─── RECORDS FOR THE EXERCISE

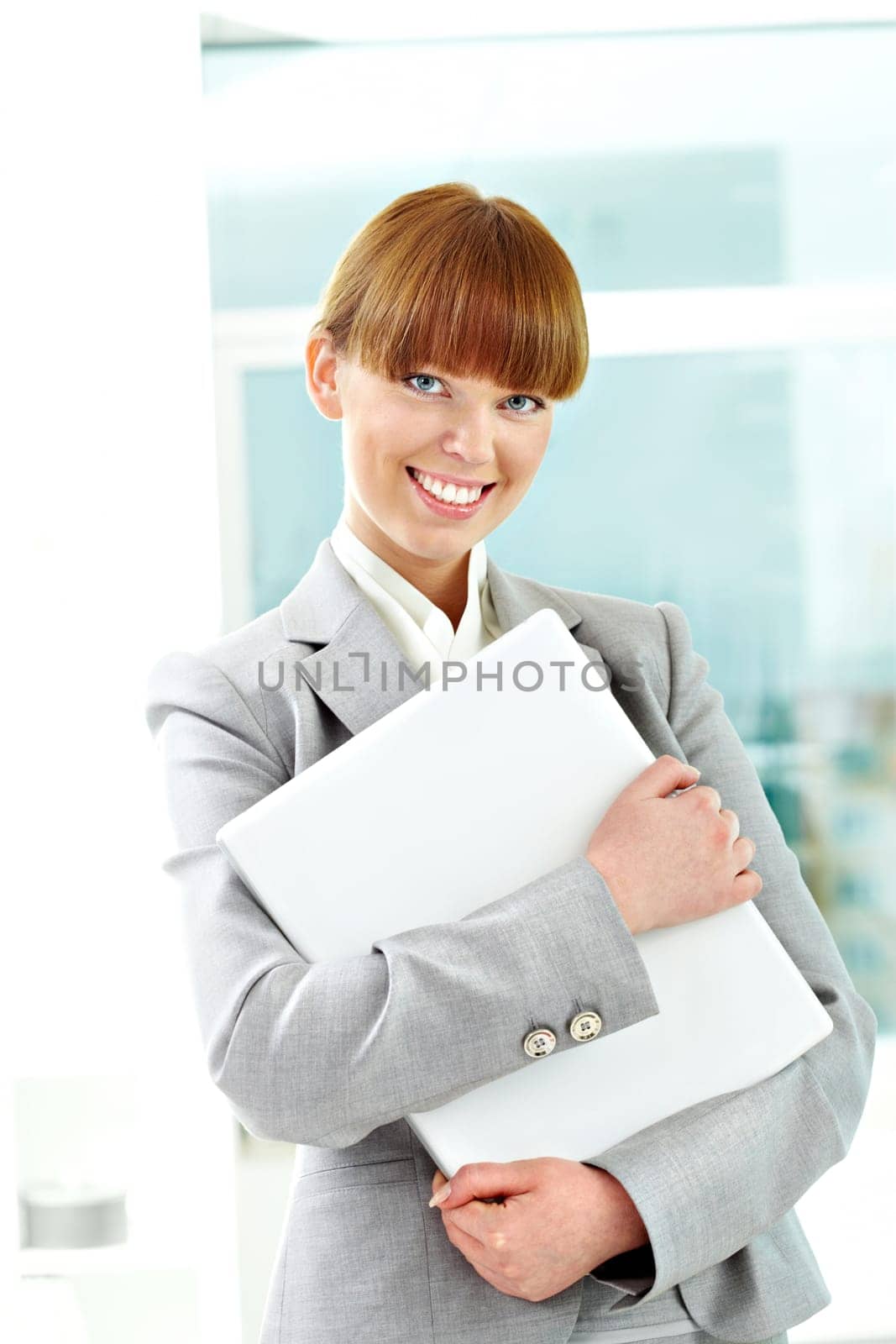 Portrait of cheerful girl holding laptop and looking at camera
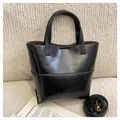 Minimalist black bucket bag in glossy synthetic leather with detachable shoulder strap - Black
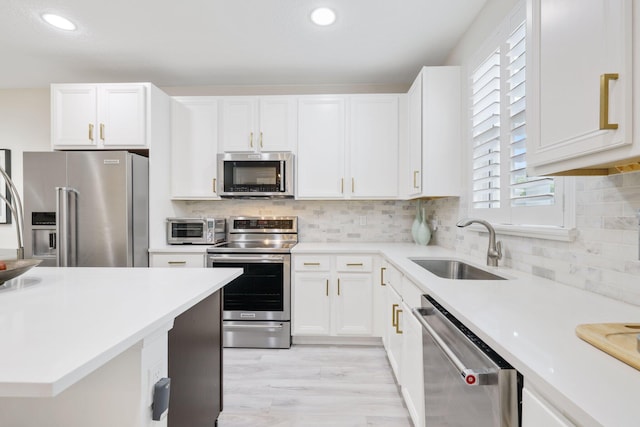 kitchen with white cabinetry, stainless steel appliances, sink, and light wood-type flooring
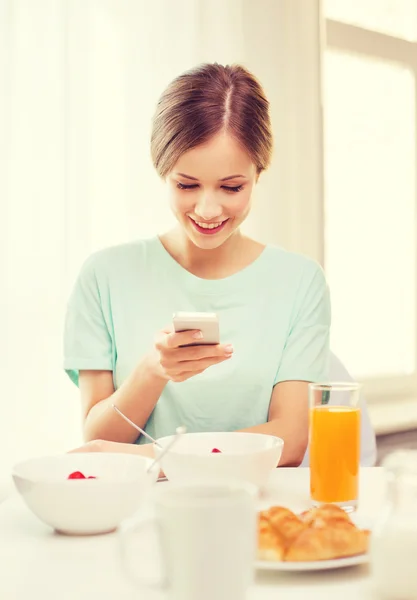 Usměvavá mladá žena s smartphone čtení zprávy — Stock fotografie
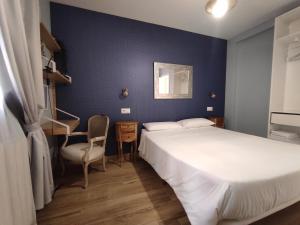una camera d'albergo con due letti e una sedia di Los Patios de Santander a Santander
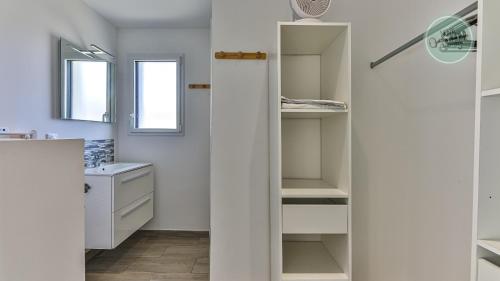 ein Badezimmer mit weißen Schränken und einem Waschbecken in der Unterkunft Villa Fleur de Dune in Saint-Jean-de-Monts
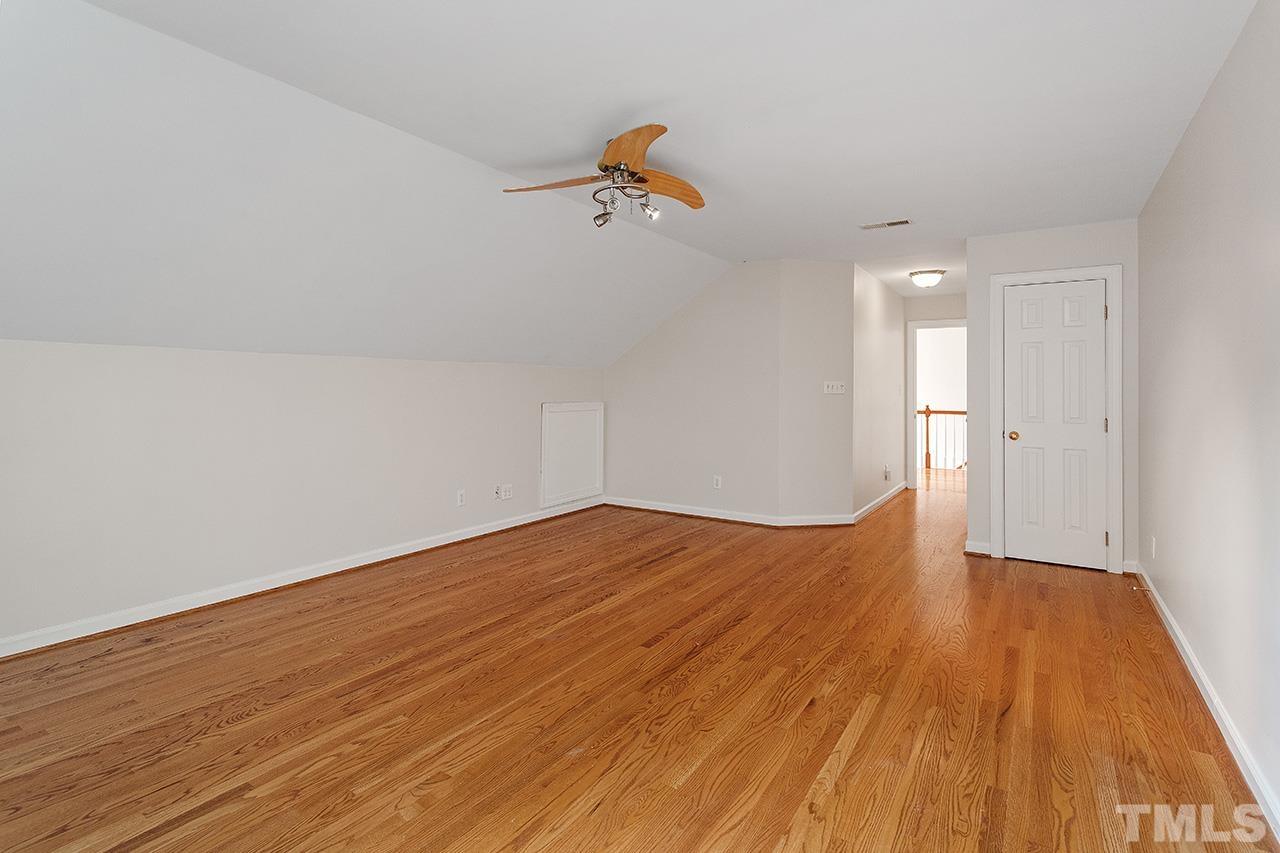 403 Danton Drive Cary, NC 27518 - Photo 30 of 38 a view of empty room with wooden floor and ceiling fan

──────

◆ WHAT TO DO
Reproduce every record above exactly as given, excluding pictures from the result.

◆ RESULT OF THE TASK
 Portrait of cheerful girl holding laptop and looking at camera
 Minimalist black bucket bag in glossy synthetic leather with detachable shoulder strap - Black
 kitchen with white cabinetry, stainless steel appliances, sink, and light wood-type flooring
 Usměvavá mladá žena s smartphone čtení zprávy — Stock fotografie
una camera d'albergo con due letti e una sedia di Los Patios de Santander a Santander
 ein Badezimmer mit weißen Schränken und einem Waschbecken in der Unterkunft Villa Fleur de Dune in Saint-Jean-de-Monts
 403 Danton Drive Cary, NC 27518 - Photo 30 of 38 a view of empty room with wooden floor and ceiling fan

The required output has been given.